Los humanos somos mamíferos que nos agrupamos en familias: los cachorros necesitan un entorno protector para sobrevivir. La relación más cercana se establece entre padres e hijos, que son hermanos entre sí. La mentalidad mítica, propia del género humano, nos hace creer que existe un vínculo de sangre inmaterial entre los miembros de la familia, más allá del mero hecho genético. Así, se da por indiscutible que lo más importante es la relación familiar, basándose en una mitología construida a medida de las necesidades sociales, como el resto de las religiones y creencias.

Pero además de nuestra condición animal y de nuestra cultura ritual, tenemos la capacidad de hallar respuestas racionales y adaptar nuestro comportamiento a ellas. El hecho de que la supervivencia es más probable mediante la interrelación no demuestra que ésta tenga que producirse en el seno de la familia. La continuidad abuelos-padres-hijos-nietos, con sus satélites esposos-primos-sobrinos-cuñados-suegros-yernos, no es más que un modo de organización basado en relatos generacionales culturales. Y tan arraigados que no parece haber nadie que se salga del carril.

La consideración de supremacía de un grupo humano sobre otro se denomina racismo. A pequeña escala, pensar que un grupúsculo como la familia, unido por el apellido, es mejor que otro, no es más que una forma reducida de racismo.

En la sociedad a la que pertenecemos, frases como “Pero es mi padre”, “Madre no hay más que una”, “Todo por los hijos”, se dan por sentadas, aludiendo a una ley general escrita por la costumbre. El vínculo de pareja ya ha sido despojado de su antiguo absoluto de procreación, gracias a los avances de la mentalidad general. Y van quedando cada vez menos culturas en las que los cónyuges son elegidos por los padres.

Pero siguen vigentes mitos absurdos como el instinto maternal, la herencia económica o el respeto incondicional a los padres, todos basados en concepciones prehistóricas como la herencia sanguínea del linaje o la conciencia humana universal, que se organizaría mediante energías inexistentes y líneas de fuerza delirantes que dibujarían células diseñadas por algún risible ser supremo.

Las únicas pruebas aportadas por esa mayoría defensora de la familia para continuar con su férrea organización piramidal, socialmente injusta y reaccionaria, son los sentimientos. Las personas que conviven durante períodos de tiempo prolongados tienden a establecer relaciones entre sí, ya sean sexuales, amorosas, de camaradería, de rechazo visceral o una mezcla de éstas. Se trata de algo lógico y natural, que se produce en el seno de las familias por el hecho de que éstas conviven y se relacionan, obligadas por la costumbre social, heredada del hecho animal.

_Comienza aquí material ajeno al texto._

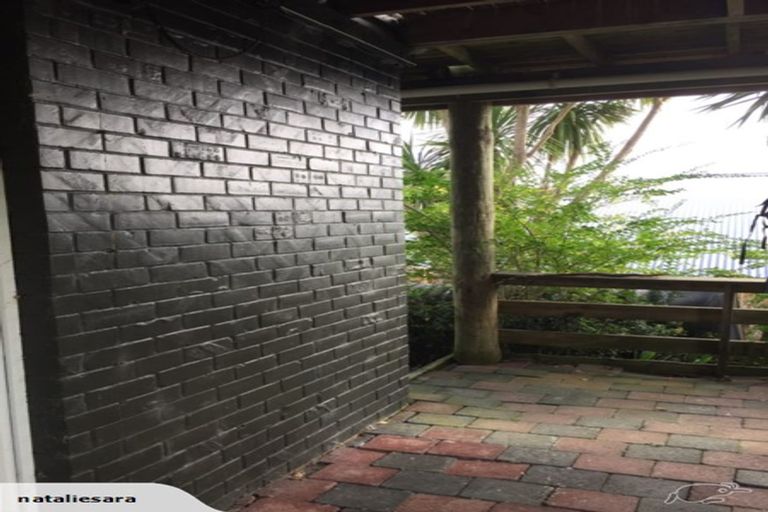 Photo of property in 15 Western View Court, Sunnyvale, Auckland, 0612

Y ésa es la principal crítica a la familia: su carácter de obligatoria. El ser humano debería ser libre, y la familia es uno de los principales obstáculos para desarrollarse en libertad. Del mismo modo que elegimos nuestras casas o nuestras mascotas, deberíamos poder tener absoluta independencia y autonomía con respecto a los seres humanos con quienes relacionarnos.

Esto incluiría también a los miembros de la familia, y despojados de las convenciones irracionales podríamos optar por entablar relaciones de amor o amistad con nuestros parientes, al mismo nivel que con el resto de los humanos. Pero nadie debería ser más importante por pertenecer al grupo familiar, sino por elección voluntaria. Será un paso adelante en la evolución del homo sapiens.